NHKの報道番組「クローズアップ現代」の…
NHKの報道番組「クローズアップ現代」のやらせ疑惑問題で、NHKと民放による第三者機関の放送倫理・番組向上機構(BPО)の検証委員会が公表した意見書についての各紙報道は、ポイントのとらえ方の違いが際立った例を示したと言えよう。
委員会は対象となった昨年5月放送の「追跡“出家詐欺”~狙われる宗教法人~」などについて、「重大な放送倫理違反があった」と批判。隠し撮り風の場面では「事実を歪曲(わいきょく)した」と指摘した。
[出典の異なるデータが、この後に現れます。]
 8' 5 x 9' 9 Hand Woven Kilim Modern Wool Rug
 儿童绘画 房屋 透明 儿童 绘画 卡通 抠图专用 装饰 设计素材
小紙を含め7日付新聞はこの記事を第1面に掲載し、産経と毎日は対照的なトップ扱いとなった。だが、産経が「NHK 重大な倫理違反」と順当な主見出しなのに対して、毎日の「BPО 政府の介入批判」には少し首を傾げざるを得ない。
BPОの意見書は、番組をめぐって総務相がNHKを厳重注意したことなどを「(放送の自由などへの)圧力そのもの」と異例の政府批判もしている。が、そもそも意見書は週刊文春が告発した「クロ現」のやらせ疑惑問題について、放送倫理違反があったかどうかを問うもの。
そうだとすれば、それが主で政府批判云々は従である。その点、サブ見出しで「BPО 異例の政府批判も」とした産経はじめ読売、小紙は妥当な紙面。
毎日では「放送倫理違反を指摘」はようやくリード文のあと第3見出しで登場する。記事の方は正当に書いているだけに、異様な紙面づくりが浮かび上がる。